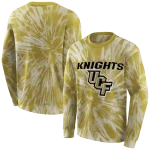 ucf knights tie dye pattern gold hoodie best selling
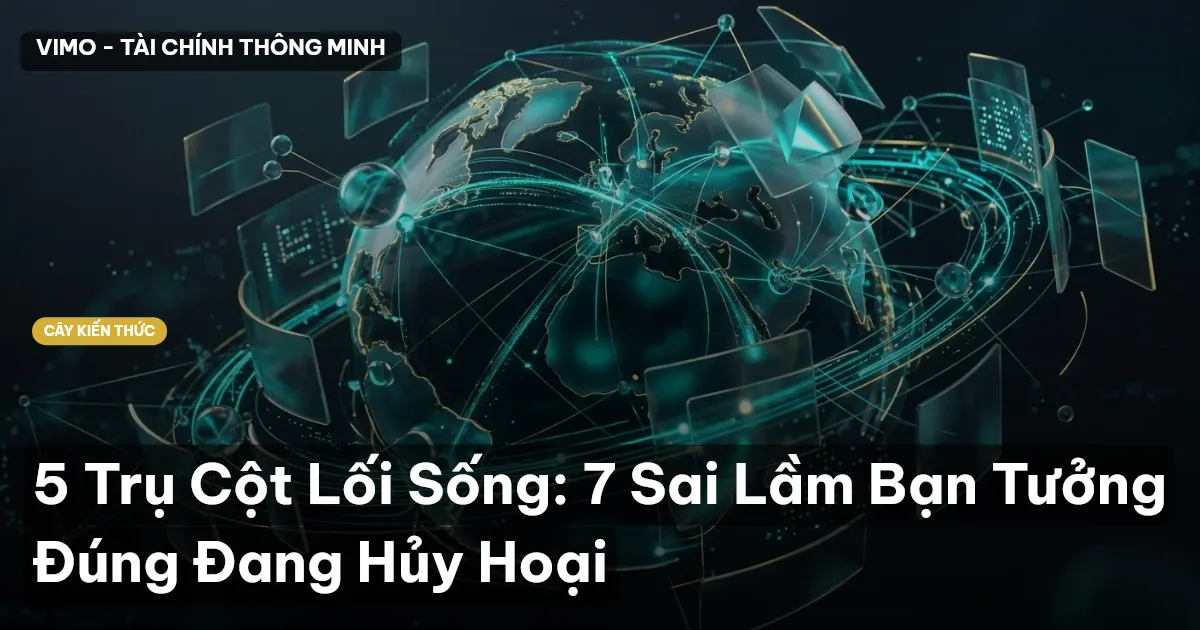 5 Trụ Cột Lối Sống: 7 Sai Lầm Bạn Tưởng Đúng Đang Hủy Hoại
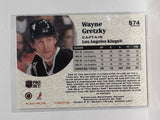 #574 Wayne Gretzky Los Angeles Kings 91-92 Pro Set Hockey Card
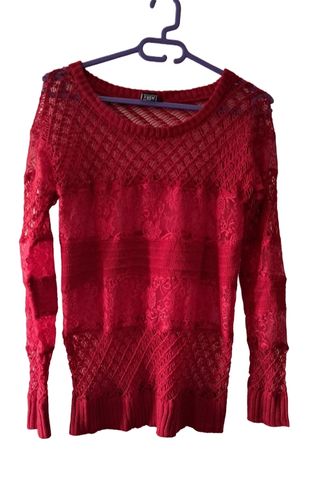 Jersey punto Walk and Talk rojo mujer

┄┄┄┄┄┄

The output is to be the material in full and unaltered, with pictures omitted.

Exercise answer
 ucf knights tie dye pattern gold hoodie best selling
 5 Trụ Cột Lối Sống: 7 Sai Lầm Bạn Tưởng Đúng Đang Hủy Hoại
 #574 Wayne Gretzky Los Angeles Kings 91-92 Pro Set Hockey Card
 Jersey punto Walk and Talk rojo mujer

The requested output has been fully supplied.